# [What you should do]
Retype the listing that follows, leaving nothing out.

# [The data]

----

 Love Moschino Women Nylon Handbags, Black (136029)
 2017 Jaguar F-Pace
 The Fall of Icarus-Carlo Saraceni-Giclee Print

----

# [Response for this exercise]
 Love Moschino Women Nylon Handbags, Black (136029)
 2017 Jaguar F-Pace
 The Fall of Icarus-Carlo Saraceni-Giclee Print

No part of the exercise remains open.